Directors Message - 01 February 2021

Claire Martin, AILA National President

The time has come for us to collectively reflect on our own versions of landscape architectural practice - how are we taking climate positive action?

Over the last few months, what we have known for many years has been further evidenced through several Australian reports: the Bureau of Meteorology and CSIRO’s State of the Climate , the Climate Council’s Hitting Home: The Compounding Costs of Climate Inaction, and Professor Graeme Samuel AC Final Report of the Independent Review of the Environment Protection and Biodiversity Conservation Act 1999 (EPBC Act).

Newly inaugurated US President Joe Biden has made climate change policy his priority, and at the time of writing, public hearings are being held as part of the inquiry into Zali Steggall MP’s Climate Change Bill (supported by AILA), that have seen the business and health sectors call on the Federal government to adopt a science-based, risk-management approach to addressing climate change.

Whether educating the next generation of landscape architects; contributing to or leading research; advocating for good design; or procuring, planning, designing, and managing places and ecosystems - as landscape architects we need to ask ourselves what we are doing to support climate adaption, climate resilience and protecting and enhancing biodiversity? 

Together we can and must take concerted action as a profession, to implement change - locally, nationally, and globally.
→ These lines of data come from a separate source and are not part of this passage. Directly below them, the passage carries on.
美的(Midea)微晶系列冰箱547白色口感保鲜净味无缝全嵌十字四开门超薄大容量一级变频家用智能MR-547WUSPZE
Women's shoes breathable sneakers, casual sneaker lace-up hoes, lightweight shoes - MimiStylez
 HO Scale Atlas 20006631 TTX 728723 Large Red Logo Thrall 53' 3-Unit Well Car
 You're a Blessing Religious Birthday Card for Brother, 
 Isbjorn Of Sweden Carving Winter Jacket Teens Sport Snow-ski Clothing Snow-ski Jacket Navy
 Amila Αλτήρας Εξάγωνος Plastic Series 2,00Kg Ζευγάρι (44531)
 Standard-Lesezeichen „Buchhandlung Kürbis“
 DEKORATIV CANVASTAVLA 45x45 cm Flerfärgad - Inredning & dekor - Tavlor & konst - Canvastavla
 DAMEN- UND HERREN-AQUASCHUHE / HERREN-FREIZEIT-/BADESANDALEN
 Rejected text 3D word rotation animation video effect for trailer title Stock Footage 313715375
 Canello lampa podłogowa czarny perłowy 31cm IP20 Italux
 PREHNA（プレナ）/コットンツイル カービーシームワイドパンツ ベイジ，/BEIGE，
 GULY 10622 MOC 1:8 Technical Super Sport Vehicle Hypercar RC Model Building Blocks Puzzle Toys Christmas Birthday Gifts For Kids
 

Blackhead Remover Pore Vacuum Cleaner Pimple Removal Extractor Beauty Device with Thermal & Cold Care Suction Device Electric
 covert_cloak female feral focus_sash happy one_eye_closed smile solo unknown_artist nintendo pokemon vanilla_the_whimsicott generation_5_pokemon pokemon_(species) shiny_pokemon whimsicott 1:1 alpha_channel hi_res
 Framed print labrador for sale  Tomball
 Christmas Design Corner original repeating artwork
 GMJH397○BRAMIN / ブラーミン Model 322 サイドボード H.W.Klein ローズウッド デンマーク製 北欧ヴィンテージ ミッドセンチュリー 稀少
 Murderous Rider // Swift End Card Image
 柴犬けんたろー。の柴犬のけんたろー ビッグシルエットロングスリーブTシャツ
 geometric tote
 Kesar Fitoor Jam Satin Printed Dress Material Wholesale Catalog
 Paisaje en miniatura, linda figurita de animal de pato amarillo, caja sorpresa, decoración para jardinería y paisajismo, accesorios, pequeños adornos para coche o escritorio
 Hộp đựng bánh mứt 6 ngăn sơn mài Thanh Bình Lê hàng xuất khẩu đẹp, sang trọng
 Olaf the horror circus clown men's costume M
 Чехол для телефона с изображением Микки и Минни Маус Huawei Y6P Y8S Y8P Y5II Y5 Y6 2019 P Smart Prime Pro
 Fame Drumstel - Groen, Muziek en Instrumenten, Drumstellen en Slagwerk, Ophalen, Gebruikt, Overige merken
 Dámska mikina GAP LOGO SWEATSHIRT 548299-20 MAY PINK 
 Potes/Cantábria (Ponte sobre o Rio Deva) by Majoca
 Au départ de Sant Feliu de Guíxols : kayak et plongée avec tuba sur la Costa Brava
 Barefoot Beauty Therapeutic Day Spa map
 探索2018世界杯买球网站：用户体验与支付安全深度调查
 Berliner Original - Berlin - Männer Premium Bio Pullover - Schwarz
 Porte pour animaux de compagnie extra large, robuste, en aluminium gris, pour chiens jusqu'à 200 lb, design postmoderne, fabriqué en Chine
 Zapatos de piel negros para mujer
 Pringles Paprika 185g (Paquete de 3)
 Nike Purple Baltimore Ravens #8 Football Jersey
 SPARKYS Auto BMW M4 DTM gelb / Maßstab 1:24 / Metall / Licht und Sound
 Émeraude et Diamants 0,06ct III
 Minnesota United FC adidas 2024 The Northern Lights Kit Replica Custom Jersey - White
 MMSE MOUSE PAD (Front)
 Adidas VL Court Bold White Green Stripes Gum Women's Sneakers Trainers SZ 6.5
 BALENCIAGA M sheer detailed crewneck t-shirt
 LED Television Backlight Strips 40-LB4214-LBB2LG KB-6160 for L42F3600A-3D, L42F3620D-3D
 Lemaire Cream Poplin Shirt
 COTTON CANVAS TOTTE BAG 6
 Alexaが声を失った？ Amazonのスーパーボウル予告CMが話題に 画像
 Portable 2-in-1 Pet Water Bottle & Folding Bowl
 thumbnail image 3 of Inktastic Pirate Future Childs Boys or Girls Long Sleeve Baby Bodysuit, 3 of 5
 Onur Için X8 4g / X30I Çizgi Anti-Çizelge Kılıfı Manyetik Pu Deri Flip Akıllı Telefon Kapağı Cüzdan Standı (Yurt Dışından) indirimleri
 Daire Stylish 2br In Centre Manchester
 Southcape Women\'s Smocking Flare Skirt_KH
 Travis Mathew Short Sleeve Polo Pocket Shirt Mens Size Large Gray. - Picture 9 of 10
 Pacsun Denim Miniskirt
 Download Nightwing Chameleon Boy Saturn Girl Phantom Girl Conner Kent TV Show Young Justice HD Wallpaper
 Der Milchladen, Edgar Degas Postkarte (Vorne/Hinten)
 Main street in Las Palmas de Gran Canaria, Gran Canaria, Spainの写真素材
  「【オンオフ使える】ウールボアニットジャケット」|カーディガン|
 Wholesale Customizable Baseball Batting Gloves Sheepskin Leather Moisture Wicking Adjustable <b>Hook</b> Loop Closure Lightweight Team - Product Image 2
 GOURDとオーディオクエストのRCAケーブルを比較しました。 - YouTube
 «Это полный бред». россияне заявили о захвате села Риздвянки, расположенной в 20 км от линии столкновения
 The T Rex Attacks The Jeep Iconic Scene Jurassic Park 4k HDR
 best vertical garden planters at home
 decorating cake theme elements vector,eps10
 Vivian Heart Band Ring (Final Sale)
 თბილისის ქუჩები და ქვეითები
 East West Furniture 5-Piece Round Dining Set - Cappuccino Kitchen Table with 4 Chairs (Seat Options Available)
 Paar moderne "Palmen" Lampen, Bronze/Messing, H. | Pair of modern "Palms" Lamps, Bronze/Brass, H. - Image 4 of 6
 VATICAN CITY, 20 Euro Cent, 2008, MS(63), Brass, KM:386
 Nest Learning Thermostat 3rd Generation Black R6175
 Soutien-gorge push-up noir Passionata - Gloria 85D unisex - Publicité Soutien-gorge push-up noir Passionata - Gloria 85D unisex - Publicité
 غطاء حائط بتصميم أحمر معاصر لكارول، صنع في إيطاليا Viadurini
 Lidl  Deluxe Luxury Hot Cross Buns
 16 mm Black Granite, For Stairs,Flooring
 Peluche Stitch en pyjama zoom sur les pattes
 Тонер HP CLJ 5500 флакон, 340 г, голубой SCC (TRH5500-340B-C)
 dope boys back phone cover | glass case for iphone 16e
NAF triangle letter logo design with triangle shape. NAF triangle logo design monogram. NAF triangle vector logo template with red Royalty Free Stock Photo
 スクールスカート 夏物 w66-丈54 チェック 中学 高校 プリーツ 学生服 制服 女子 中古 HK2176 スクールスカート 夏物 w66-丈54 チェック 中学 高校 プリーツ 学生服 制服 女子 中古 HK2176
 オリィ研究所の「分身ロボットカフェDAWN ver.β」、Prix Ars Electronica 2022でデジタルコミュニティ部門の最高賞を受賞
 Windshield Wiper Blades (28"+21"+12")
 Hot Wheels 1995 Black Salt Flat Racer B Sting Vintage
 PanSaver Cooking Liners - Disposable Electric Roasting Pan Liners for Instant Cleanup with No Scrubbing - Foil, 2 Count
We have the expertise, we know what we need to do, we are collaborators and communicators, so if not now, when?

AILA, as a full member of the International Federation of Landscape Architects (IFLA) continues to contribute to and learn from our colleagues across the world. In recent climate related news:
  • Australian James Hayter, IFLA President has helped to negotiate the American Association of Landscape Architects (ASLA) re-joining IFLA as a full member, encouraged by AILA re-joining,
  • a US CEO Roundtable Group who employs approximately 20% of the landscape architects in the Unites States, are also looking for opportunities to support IFLA’s work,
  • Pamela Conrad, pioneer of the Climate Positive Design Pathfinder Tool, supported by the Landscape Architecture Foundation, and now in collaboration with Atelier Ten will also be invited to contribute more directly to IFLA’s Climate Change Working Group and implementation efforts,
  • AILA Nominee Kotchakorn Voraakhom has been unanimously elected as the new IFLA World Climate Change Working Group Chair,
  • and AILA’s Climate Change Working Group, led by Martin O’Dea, is now in full swing, developing strategies to support AILA, as an organisation and our membership, to take the next steps in climate positive action.

Share today with your friends, family, colleagues, and clients how you are taking climate positive action.